- _Assignment_
Your answer should consist only of the lines below from the one with "a patchwork quilt" through the one with "A kitchen with", copied exactly.

- _Given entries_
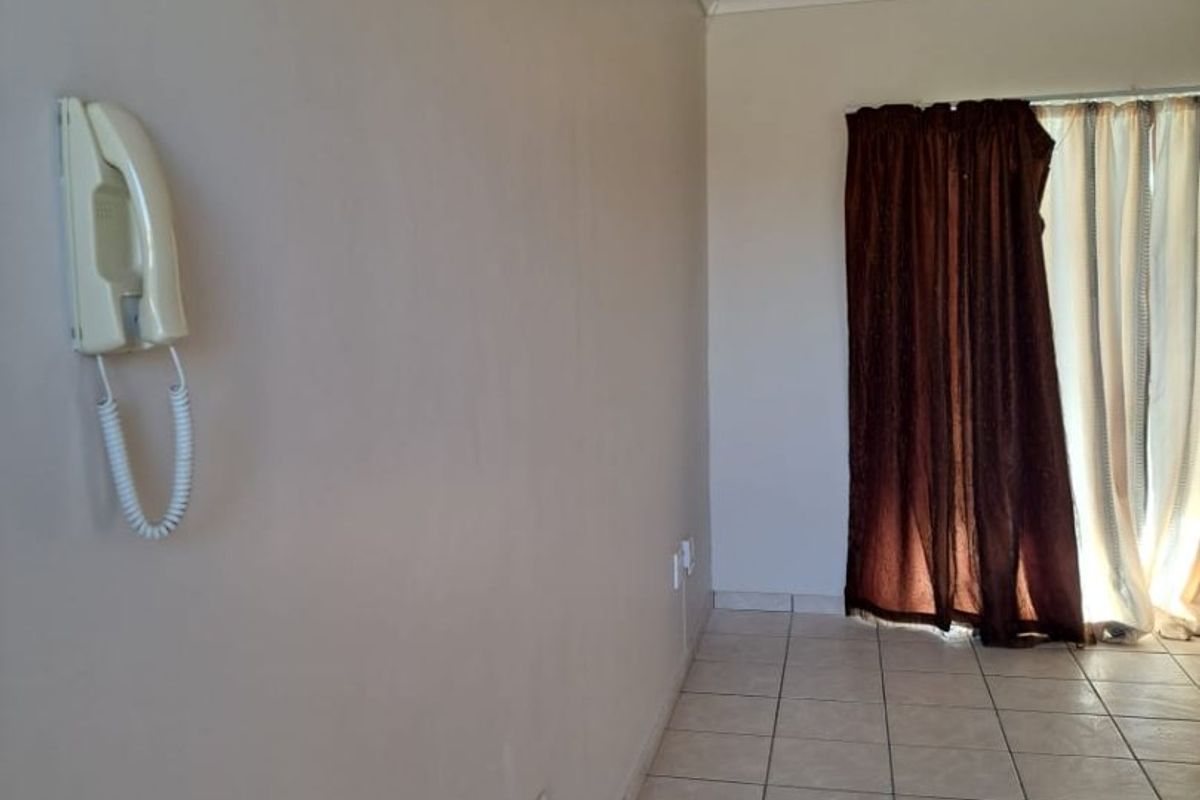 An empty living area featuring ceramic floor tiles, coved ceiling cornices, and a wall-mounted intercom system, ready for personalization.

* * *

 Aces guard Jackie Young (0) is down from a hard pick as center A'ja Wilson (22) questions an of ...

* * *

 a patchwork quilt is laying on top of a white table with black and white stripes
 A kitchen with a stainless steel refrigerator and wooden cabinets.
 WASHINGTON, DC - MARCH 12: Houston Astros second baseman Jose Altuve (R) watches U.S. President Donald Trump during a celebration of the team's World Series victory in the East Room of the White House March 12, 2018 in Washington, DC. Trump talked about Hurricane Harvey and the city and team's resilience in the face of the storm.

- _Completed task_
 a patchwork quilt is laying on top of a white table with black and white stripes
 A kitchen with a stainless steel refrigerator and wooden cabinets.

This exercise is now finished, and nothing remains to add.